First step to establish National Air Ambulance Service welcomed ? Naughten

In Health by Denis Naughten

But it is not a replacement for an A&E

Local TD and health campaigner Denis Naughten has welcomed the Government announcement of a dedicated air ambulance base for Custume Barracks in Athlone.

“This is a major step forward in establishing a national helicopter emergency service which could transport patients from the scene of an accident to a major trauma centre,” stated Denis Naughten.

“While it is important to remember that the establishment of this service in Athlone is a positive development, it is not a replacement for other ambulance services, the closure of Roscommon A&E or the downgrading of services at other hospitals – in fact just the opposite.

“Such a service, if it was in place last July, would have addressed a number of the ‘opportunistic’ safety concerns regarding Roscommon Hospital’s accident and emergency department. This proposal was rejected at that stage as it would have undermined the plan to close the A&E.

“It should be noted that the helicopter ambulance service will cater for a very small proportion of very ill patients, where travelling time to a regional trauma centre is the difference between life and death. It is also an admission that the closure of Roscommon A&E department has left the people of County Roscommon in a far more vulnerable position.

“I now hope that the Government will use the establishment of this service as the basis to review the operation of Roscommon Hospital’s Urgent Care Centre to see how additional patients could be accepted at the hospital, stabilised and then transferred by air ambulance to other medical centres.

“Having said that, as someone who has campaigned my entire political career for a dedicated air ambulance service, this is a significant step forward. In fact it is coming up on the 13th anniversary since I first raised such a proposal with the then Health Minister, Brian Cowen [see attached reply]. I have campaigned for this service not only because it would clearly save lives, but also because it would help to provide a valuable back up to smaller A&E departments which could then introduce a stabilise and transfer protocol for all patients which would meet the best possible international standards.

“This announcement must now be used as a stepping stone to improve emergency services in the midlands and west by expanding the scope and range of the helicopter emergency service and by using this service to look again at how local hospitals can support emergency care, instead of using it as a justification to remove vital health services,” concluded Denis Naughten.

First Dáil reply on this issue from 1999.
Written Answers – Air Ambulance Service.

Thursday, 22 April 1999

81. Mr. Naughten asked the Minister for Health and Children the plans, if any, he has to introduce an air ambulance service for call-out to road accidents; and if he will make a statement on the matter. [10600/99]

Minister for Health and Children (Mr. Cowen): Since 1965 an arrangement has been in place whereby the Air Corps provides air ambulance transport to health boards for emergency cases. This service is generally provided in emergencies requiring the removal of badly injured or very ill persons over long distances, particularly where they cannot be safely conveyed by road ambulance. The service is also provided for the removal from the islands of persons requiring urgent hospital attention when weather conditions are such as to make boat transport impossible or hazardous to the patient. Since August 1991, the marine search and rescue helicopter service of the Department of the Marine, which operates from Shannon airport, is also available for air ambulance transport in cases of emergency.
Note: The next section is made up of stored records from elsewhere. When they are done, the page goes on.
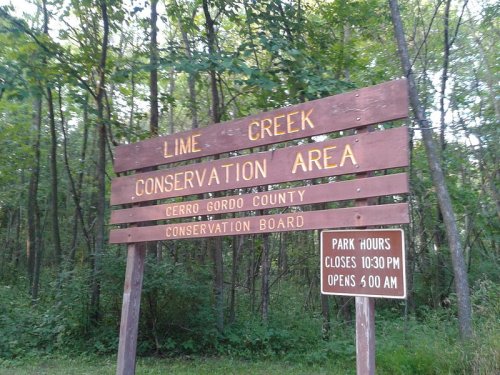 Wooden sign for Lime Creek Conservation Area, listing park hours and managed by Cerro Gordo County Conservation Board.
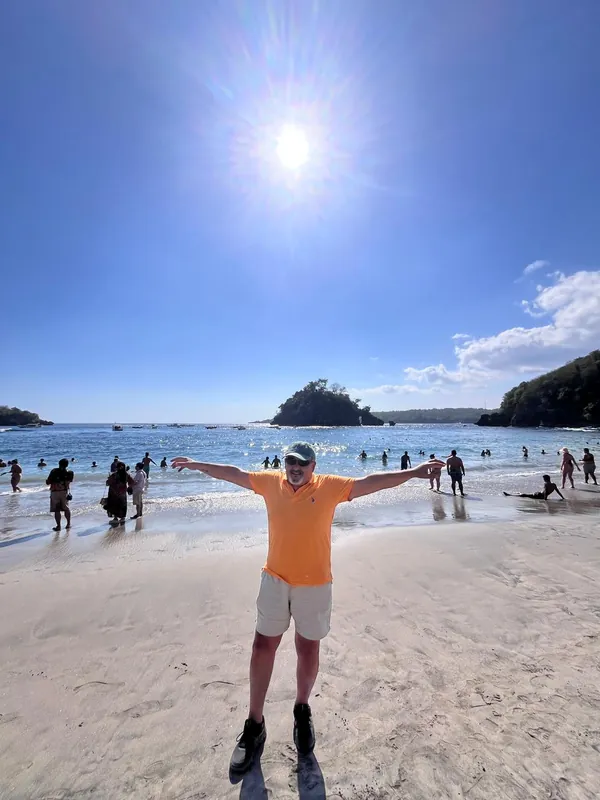 Guest enjoying the white sand of Crystal Bay beach, Nusa Penida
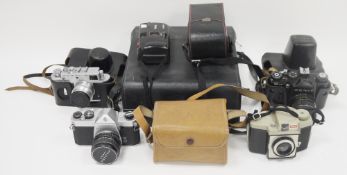 Collection of cameras and equipment including Asahi Pentax SP1000 camera, cased Zenit 12XP camera,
I am aware of the role which a dedicated air ambulance service could play in enhancing the effectiveness of the ambulance service. However, proposals for the development of an air ambulance service must be placed in the wider context of developments in emergency medical services generally and any initiative in this area must complement other pre-hospital resources such as the ambulance service and first responder programme. The particular role of air ambulance was examined by the standing committee on air ambulance services. The standing committee undertook a detailed examination of a number of independent proposals for the establishment of a dedicated helicopter emergency medical service which were received from groups interested in this area. Meetings took place with a number of these groups.

Following these meetings, officials of my Department have worked with other interested parties to clarify a number of issues regarding needs, costs and benefits deriving from having a dedicated and purpose-equipped air ambulance service.

I remain committed to further improving pre-hospital care services and I have allocated an additional £2.7 million for developments in the field of pre-hospital care in 1999. This funding represents the largest ever increase in resources for this area and will assist considerably in improving emergency medical services.